On our Ingrained Mechanophobia

A few months ago I attended a talk at SXSW titled Humans vs Machines: A Cognitive Revolution. Being the progressive place that SX is (or so I thought), I was hoping to hear some ideas about the thinking processes of humans and machines. Oh, boy…

What I heard was the exact opposite of what I was expecting. To put it briefly, the speaker’s point was that since computers can’t be creative”, humans should leave all dirty work to them. Humans should dedicate themselves to the fine arts and those elevated activities of the mind and spirit. The speaker was so convinced that machines could not be creative that he never even explained why he thought so. Like many others, he assumed that machines are just a bunch of metal and gears put together and that nothing that was not there to begin with can arise from such basic components.

That line of thinking is a clear example of our ingrained mechanophobia or fear of machines. We love machines for all they can do for us but deep down we hate them for what they might become.

Mechanophobia

Machines will become our most faithful servant”
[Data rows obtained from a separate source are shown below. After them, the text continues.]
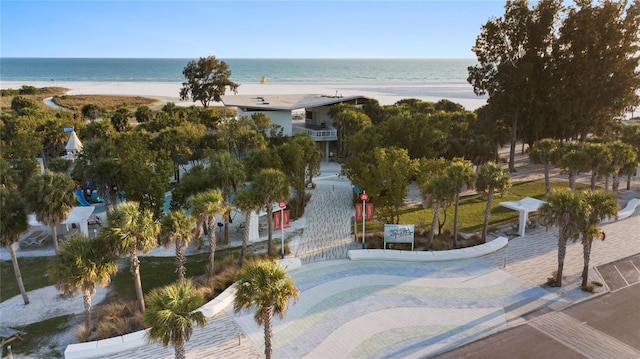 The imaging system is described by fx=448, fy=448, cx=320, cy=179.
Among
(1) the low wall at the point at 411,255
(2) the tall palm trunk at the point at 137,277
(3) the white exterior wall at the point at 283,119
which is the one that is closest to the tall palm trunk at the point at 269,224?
(1) the low wall at the point at 411,255

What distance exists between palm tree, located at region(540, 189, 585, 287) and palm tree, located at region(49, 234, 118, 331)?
1806 cm

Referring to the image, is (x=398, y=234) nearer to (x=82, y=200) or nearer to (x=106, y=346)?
(x=106, y=346)

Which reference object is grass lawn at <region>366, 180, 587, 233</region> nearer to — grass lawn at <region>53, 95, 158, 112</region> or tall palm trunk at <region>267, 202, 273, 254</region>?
tall palm trunk at <region>267, 202, 273, 254</region>

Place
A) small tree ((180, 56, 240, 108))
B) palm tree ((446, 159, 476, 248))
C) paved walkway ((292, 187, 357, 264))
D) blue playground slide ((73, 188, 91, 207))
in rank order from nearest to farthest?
palm tree ((446, 159, 476, 248))
paved walkway ((292, 187, 357, 264))
blue playground slide ((73, 188, 91, 207))
small tree ((180, 56, 240, 108))

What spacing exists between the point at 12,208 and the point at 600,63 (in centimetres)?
4839

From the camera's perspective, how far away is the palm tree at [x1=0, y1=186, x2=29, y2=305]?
58.9 feet

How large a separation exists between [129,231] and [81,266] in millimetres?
1868

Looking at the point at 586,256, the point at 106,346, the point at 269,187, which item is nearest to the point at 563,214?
the point at 586,256

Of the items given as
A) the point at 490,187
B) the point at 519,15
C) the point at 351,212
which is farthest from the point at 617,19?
the point at 351,212

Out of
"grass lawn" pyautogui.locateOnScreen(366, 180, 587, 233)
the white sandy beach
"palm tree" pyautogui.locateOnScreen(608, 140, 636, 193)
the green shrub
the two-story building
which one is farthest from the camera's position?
the white sandy beach

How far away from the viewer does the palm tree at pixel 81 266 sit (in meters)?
15.0

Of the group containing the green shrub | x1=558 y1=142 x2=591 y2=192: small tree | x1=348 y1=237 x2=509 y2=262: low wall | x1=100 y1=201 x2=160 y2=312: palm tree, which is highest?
x1=558 y1=142 x2=591 y2=192: small tree

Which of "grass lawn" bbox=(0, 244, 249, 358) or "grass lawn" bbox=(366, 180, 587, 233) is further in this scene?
"grass lawn" bbox=(366, 180, 587, 233)

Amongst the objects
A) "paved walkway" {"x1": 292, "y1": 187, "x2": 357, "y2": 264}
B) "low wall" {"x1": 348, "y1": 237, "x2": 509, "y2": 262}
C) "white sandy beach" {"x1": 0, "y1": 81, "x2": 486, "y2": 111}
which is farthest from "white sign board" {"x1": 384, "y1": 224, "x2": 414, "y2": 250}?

That quote above is from the same talk and also what I call wishful thinking. I’m a rationalist materialist. This is it. Matter is all there is. We might not know what matter is (and some believe is ethereal information) but matter is all there is. We are matter, so are machines. We think, therefore matter thinks, and therefore, so machines will one day think.

One last note

This mechanophobia is so ingrained, it’s everywhere. I was just reading about the completely unrelated topic of web design and there it was staring back at me once again:

No machine will ever A/B test its way to a more meaningful relationship. —How to survive the digital apocalypse

Actually, if machines ever care to create a meaningful relationship with humans, it’s very likely that they will do so by trial and error. A/B testing would be a great idea in that regards.